On lui préférera l’article 28, qui « entend doter l’administration d’un dispositif d’accompagnement des changements de périmètre des services publics qui s’opèrent notamment en confiant à une personne morale de droit privé tout ou partie des activités qui était assurée directement par l’administration« . Le service scolarité coûte cher dans votre établissement ? Pourquoi ne pas la confier à une personne morale de droit privé, qui s’en chargera bien mieux que votre administration ? Il faut espérer que cette disposition puisse être appliquée aux composantes, qui seraient ainsi enfin mise face à leurs responsabilités dans l’exercice (souvent dispendieux) de l’enseignement.
Mais la disposition la plus utile sera sans doute la rupture conventionnelle, instaurée par l’article 26. C’est un véritable scalpel permettant de retirer les cellules malignes du corps administratif. Combinée avec l’article 13, qui souligne l’importance « du critère de l’engagement professionnel et du mérite » dans « la détermination de la rémunération de tous les agents publics« , avec l’article 15, qui précise « les modalités d’abaissement d’échelon et de rétrogradation« , et avec l’article 3, qui supprime les CHSCT, mais aussi des disposition comme la suppression des 192h, il ne sera pas bien difficile de rendre la porte plus attirante que la chaise pour les collaborateurs indésirables.
Mais ces bâtons ne seraient rien sans une carotte.
Vers un financement moderne de la recherche
On ne compte déjà plus les collaborateurs dont les recherches ne sont plus financées. Ce sont généralement les recherches auxquelles on ne comprend rien et dont la valorisation est loin d’être évidente. L’efficacité du financement par appel à projet n’est donc plus à prouver, mais ce projet de loi présente une formidable opportunité pour réellement organiser la compétition entre les chercheurs. En effet, sans compétition pas de gagnants, et tout le monde aime les gagnants (alors que les perdants, pas trop, pour ceux-là, voir les levier agiles présentés précédemment).
Actuellement, les financements ont des durées longues, parfois jusqu’à 5 (cinq) ans ! Même si c’est généralement beaucoup moins, de telles durées sont incompatibles avec le monde moderne ! De plus, avec la concentration disciplinaire des financements, de très nombreux chercheurs travaillent exactement sur le même sujet. Lorsque plusieurs équipes sont ainsi en compétition, quelques mois suffisent à savoir qui va gagner. Le end-game s’éternise donc et représente un gâchis d’argent public.

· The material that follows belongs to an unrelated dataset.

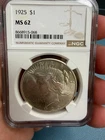 1925 Peace Silver Dollar NGC MS62Choice Uncirculated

L’article 8 « crée un nouveau type de contrat à durée déterminée au sein de la fonction publique, le contrat de projet« . Ce contrat de projet est formidable, car il prend fin « lorsque le projet ou l’opération se termine de manière anticipée ». La perspective d’une véritable agilité dans le financement de la recherche ?

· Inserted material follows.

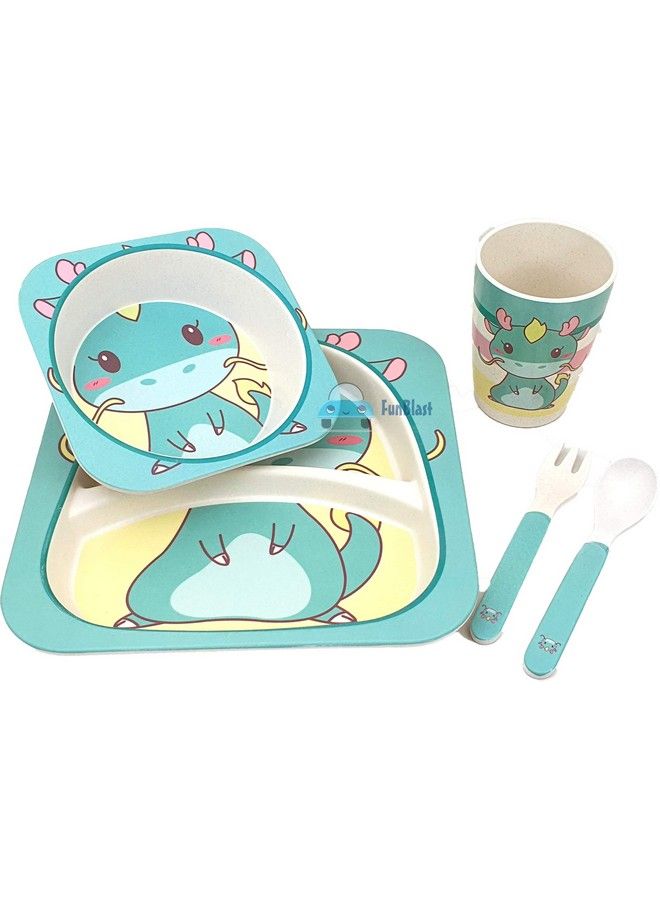 FunBlast Bamboo Fibre Kids Crockery Set Dining Set Feeding Set For Babies ; New Born Baby Utensils And Dishes Kids Infant Multi Color - Image 4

Appels Nationaux à Projets Excellents (ANPE).
Dans les ANPE, une dizaine d’équipes sont mises en compétition sur un seul et unique sujet. Tous les six mois, une revue d’avancement permet de trier les projets par ordre de valorisation. La moitié des projets la moins bien évaluée est immédiatement arrêté, et les contrats de projet se concluent quasi-automatiquement.
On évite ainsi d’inutiles dépenses, dans une saine compétition entre les chercheurs, qui permet l’émergence naturelle des seuls Excellents !
Bien malheureusement, les syndicats (qui décidément ne comprennent rien à la modernité) ont obtenu que le contrat de projet ait une durée minimale d’un an. Il faudra donc attendre un temps encore bien trop long avant de trier les Excellents des autres, là où quelques semaines suffisent parfois (on ne va pas se le cacher, bien souvent on connait les Excellents avant même la rédaction de l’appel à projet).
Le chemin vers l’agilité est long et semé de disruptions, mais rien ne semble pouvoir ralentir la modernisation des Universités.
Bon premier avril à tout le monde. Ou pas.